**** Entries shown
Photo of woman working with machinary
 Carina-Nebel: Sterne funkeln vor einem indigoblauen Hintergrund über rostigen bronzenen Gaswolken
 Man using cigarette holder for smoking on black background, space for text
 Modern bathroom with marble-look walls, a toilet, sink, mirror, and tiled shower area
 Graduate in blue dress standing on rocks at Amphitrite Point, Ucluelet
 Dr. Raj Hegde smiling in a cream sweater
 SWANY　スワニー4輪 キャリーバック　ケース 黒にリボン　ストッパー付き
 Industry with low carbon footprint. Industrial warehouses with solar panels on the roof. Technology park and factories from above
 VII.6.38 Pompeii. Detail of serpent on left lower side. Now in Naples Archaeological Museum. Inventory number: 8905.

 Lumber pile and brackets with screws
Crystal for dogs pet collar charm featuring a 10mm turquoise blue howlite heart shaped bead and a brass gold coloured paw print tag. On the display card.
********
Assignment:
Within the data above, the lines from the one with "Man using cigarette" to the one with "SWANY　スワニー4輪 キャリーバック　ケース 黒にリボン　ストッパー付き" must be repeated exactly; no other line belongs in the answer.

Response:
 Man using cigarette holder for smoking on black background, space for text
 Modern bathroom with marble-look walls, a toilet, sink, mirror, and tiled shower area
 Graduate in blue dress standing on rocks at Amphitrite Point, Ucluelet
 Dr. Raj Hegde smiling in a cream sweater
 SWANY　スワニー4輪 キャリーバック　ケース 黒にリボン　ストッパー付き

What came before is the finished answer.